Des rituels de purification ou de lustration par l’usage de l’eau étaient courants, non seulement en Égypte, mais dans les écoles de mystères de Grèce et de Rome. Le rite de purification par « l’eau sainte » se perpétue aujourd’hui dans de nombreuses sectes religieuses. À Tell el-Amarna, durant le règne d’Akhenaton (XVIIIe Dynastie), il y avait un édifice spécial pour ce rituel, qui était connu comme la « maison du matin ». La construction avait reçu ce nom parce que le rituel était généralement accompli dans la matinée. On employait de l’eau contenant du natron (carbonate de sodium) et un assistant brûlait alors de l’encens dans la pièce.
Les mains étaient considérées comme une partie essentielle dans le rituel de purification. Un papyrus de cette période dit : « Tes mains sont levées… ton ka se lave, ton ka s’assied, il mange du pain avec toi… » (Le ka se distinguait de l’âme, il était le double de l’homme, le moi, ou l’ombre du corps).
Bien que les Babyloniens aient conçu et perpétué un haut degré de culture, ils croyaient que chaque infortune, en particulier la maladie et la mort, était causée par un esprit malveillant, souvent à l’instigation d’un ennemi humain. Des rituels de magie apotropaïque, c’est-à-dire des rites pour détourner de tels esprits mauvais, étaient employés.
L’Église chrétienne primitive fut amenée à croire que ces rites et cérémonies avaient été commandés par Dieu. Dans l’Ancien Testament, les principes étaient contenus sous une forme appropriée aux temps primitifs. Ils étaient à la fois une illustration et une explication.
Les rituels musulmans de purification sont basés avant tout sur le Coran : « Ô croyants, quand vous venez pour accomplir la prière, lavez vos visages et vos mains et allez jusqu’aux coudes… » On suppose que ces rituels furent copiés à partir de sources juives et chrétiennes. Les soufis, une secte mystique islamique, ont des rituels élaborés dont beaucoup sont très inspirants par leur symbolisme.
Il y a une nette distinction entre une simple manière méthodique de procéder et un rituel. Un rituel a des règles particulières et un ordre d’arrangement, mais ses composants ne sont pas de simples outils, ou des actes conduisant à une conclusion finale.
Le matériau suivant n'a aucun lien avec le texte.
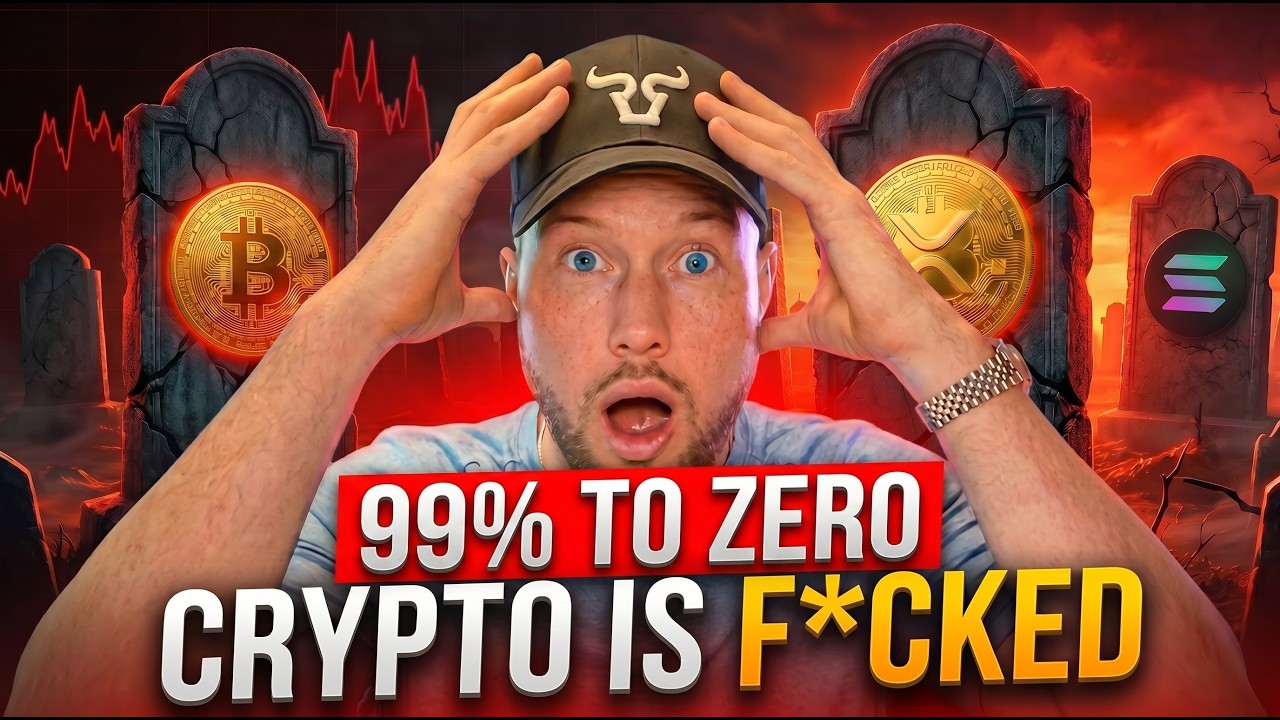 Ripple XRP: 99% Of Crypto Is Going To ZERO! (Only THESE Coins Survive!)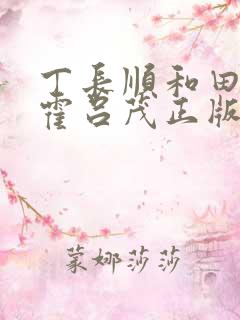 丁长顺和田晓兰霍吕茂正版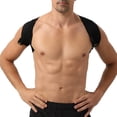 thumbnail image 5 of Fitness Heavy Shoulder Straps, Back Posture Corrector for Men Women, Back Straightener Posture Corrector, Posture Shoulder Brace, Adjustable Back Brace Posture Corrector(M(55-65kg)), 5 of 7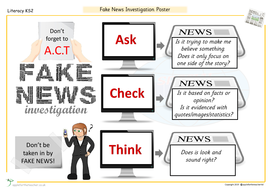 fake news poster assignment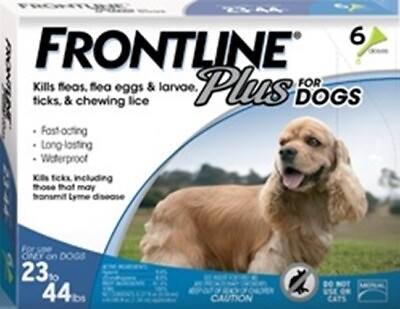 #ad #ad Frontline Plus for Medium Dogs 23 44 Lbs. 6 Doses Medium Dogs $35.99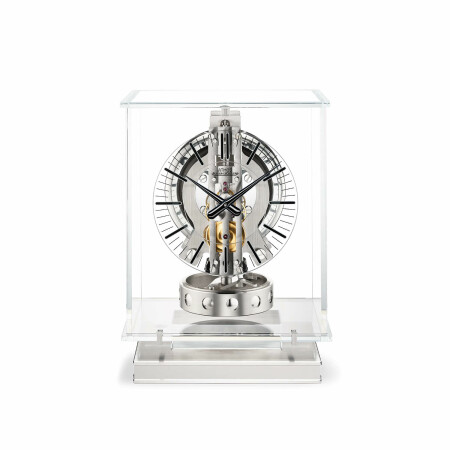 Pendule Jaeger-LeCoultre Atmos Transparente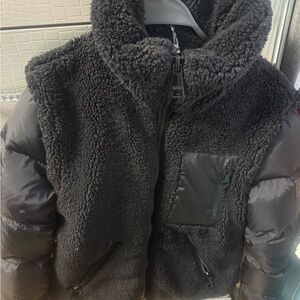 SAM. Black Kids Puffer Jacket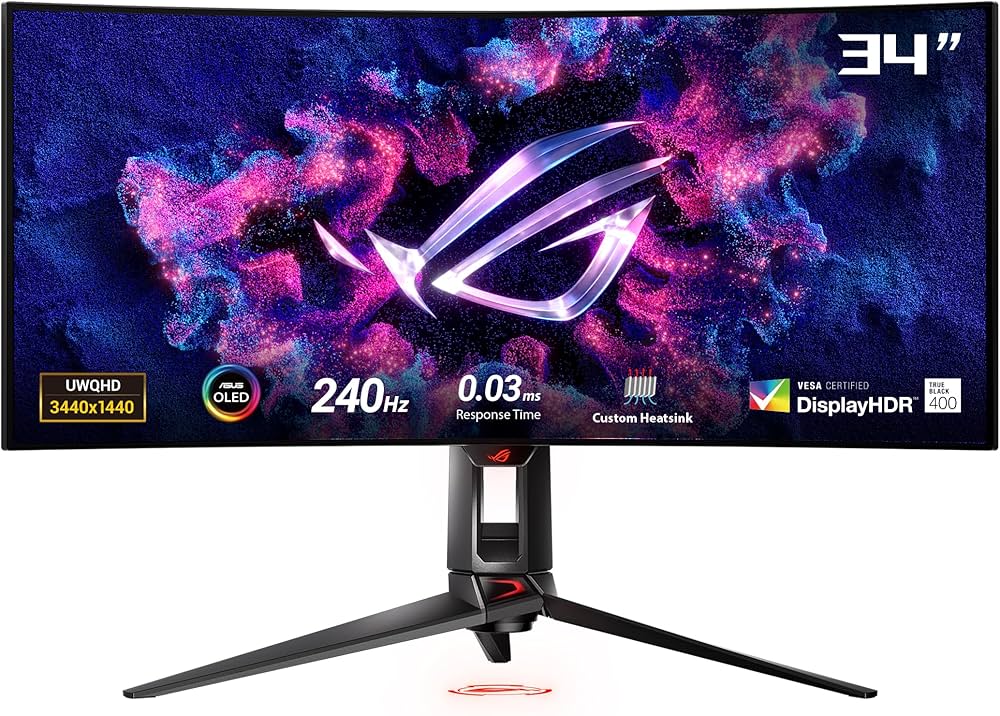 34インチ 湾曲モニター 240Hz JAPANNEXT 34インチ VAパネル搭載 165Hz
Chaque aspect d’un rituel comporte en lui-même une signification symbolique, qu’il soit vocal, comme un chant, ou qu’il soit gestuel comme une génuflexion, l’élévation des bras ou une position donnée du corps. De plus, l’objectif du rituel n’est pas principalement pragmatique, c’est-à-dire qu’il n’a pas en vue une fin matérielle seule, mais plutôt, il se propose d’exprimer un idéal et de fournir une satisfaction émotionnelle correspondante.
Les rituels ne sont pas tous d’origine traditionnelle, se transmettant par des institutions et des organisations. Il y a certaines choses que nous accomplissons tous dans nos vies, non seulement pour un avantage matériel, mais parce qu’elles satisfont nos sentiments et nos émotions les plus élevés. Ces actes, alors, deviennent des symboles de nos pensées et de nos sentiments et nous les répétons à certains moments et en certaines occasions. Nous pouvons ne pas les considérer comme des rituels du fait qu’ils n’ont peut-être aucune connotation religieuse. Néanmoins, ce sont des rituels. Aucun homme n’est dépourvu de ce genre d’action symbolique sous quelque forme que ce soit. »
Ralph Maxwell Lewis – Un Rose-Croix des temps modernes – Tome 2, Diffusion Rosicrucienne.